As of the 2024–25 academic year, the FAFSA definition of “custodial parent” will change because of the FAFSA Simplification Act. Congress passed this act near the end of 2020. It’s being implemented over time, giving parents more time to learn about the changes and plan accordingly.
But the next two years may feel extra rocky. Even though the FAFSA that comes out Oct. 1, 2023, may be easier to fill out because it will allow families to import their tax return data directly from the IRS, the underlying changes could create swings in students’ out-of-pocket college costs.
“Instead of the parent that the student lived with most often during the year, the custodial parent will be the one who provided the most financial support to the student during that time,” said Joshua Lachs, CEO of Moneythink, a national nonprofit focused on increasing college graduation rates and reducing student loan debt.
Another important consideration that applies to both academic years: “If the custodial parent has remarried as of the date the FAFSA is filed, the income and assets of the stepparent must be reported, regardless of any prenuptial agreements, even if they were not married during the tax year under consideration,” Lachs said. “This could alter the student’s total financial aid eligibility.”
But if the student’s noncustodial parent has remarried, it has no effect on the FAFSA, which only collects data related to the custodial parent, said Certified Financial Planner™ professional DeDe M. Jones, managing director of Innovative Financial in Lakewood, Colorado.
You might start by using an expected family contribution calculator. But for complex situations like remarriage or potential remarriage, it may be best to talk to someone who specializes in helping families with financial aid planning. (Related: Need financial advice? Contact us)
How remarriage can hurt financial aid
As Lachs noted, FAFSA ignores prenuptial agreements, so even if a custodial parent and stepparent have agreed that the stepparent will not be responsible for the custodial parent’s child’s college bills, the stepparent’s income and assets will still be factored into the student’s financial aid award.
Suppose the stepparent isn’t going to contribute to the child’s university bills despite having the financial resources to do so, perhaps because he or she has biological children to provide for. It might make sense to postpone remarriage to avoid hurting the student’s chances of financial aid.
Of course, such a decision has to be carefully weighed against the tax, legal, and social costs and benefits of marriage. It’s complicated enough that many people don’t even want to think about it, and understandably prefer to base their marriage decisions on emotional factors. (Related: Protecting your finances in a second marriage)
It’s worth knowing, though, that a child’s custodial parent can live with a partner without having to report that partner’s income or assets for FAFSA purposes — unless that partner has legally adopted the child.
It could make financial sense to hold off on remarriage if a child won’t be able to attend college (or attend their college of choice) without receiving significant financial aid.

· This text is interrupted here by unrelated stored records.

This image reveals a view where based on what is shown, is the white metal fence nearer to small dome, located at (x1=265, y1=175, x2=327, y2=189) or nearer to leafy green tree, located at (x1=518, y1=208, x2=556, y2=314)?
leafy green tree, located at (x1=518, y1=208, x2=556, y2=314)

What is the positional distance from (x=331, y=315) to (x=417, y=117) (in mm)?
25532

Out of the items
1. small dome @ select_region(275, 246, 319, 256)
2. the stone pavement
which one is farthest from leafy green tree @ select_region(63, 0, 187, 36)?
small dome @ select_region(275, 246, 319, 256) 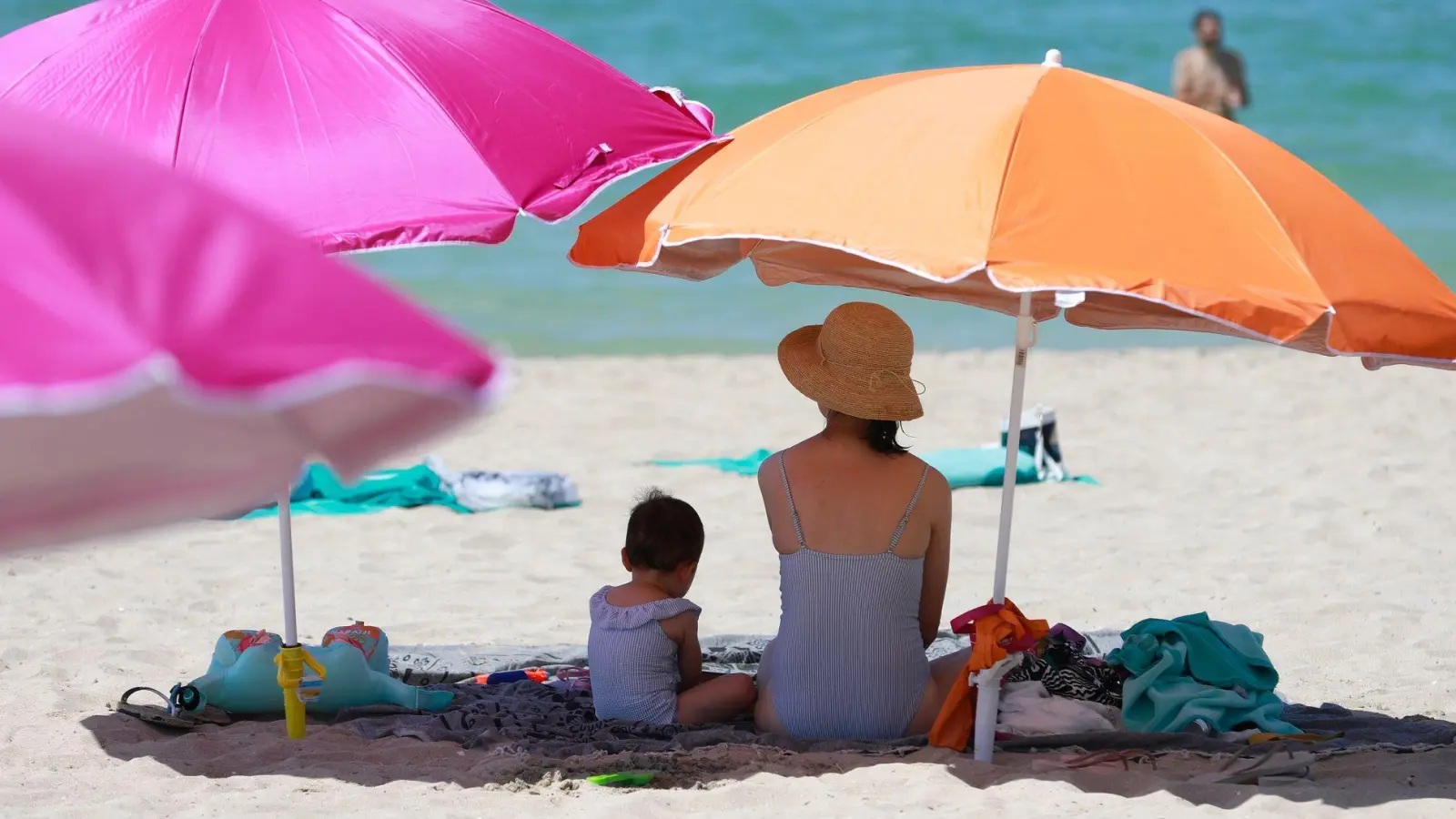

It’s especially important for middle-income families to plan carefully since the asset protection allowance will drop to zero for all parents, single or married, starting with the 2023–24 academic year and the FAFSA that’s available starting Oct. 1, 2022.
This change, a result of Congress failing to act, has substantially reduced the amount of aid families qualify for over the last decade and a half, according to college financial aid expert Mark Kantrowitz. It assumes parents can contribute the same or increasingly more toward a child’s college expenses while it has actually become harder to pay for college. (Know your need: College savings calculator)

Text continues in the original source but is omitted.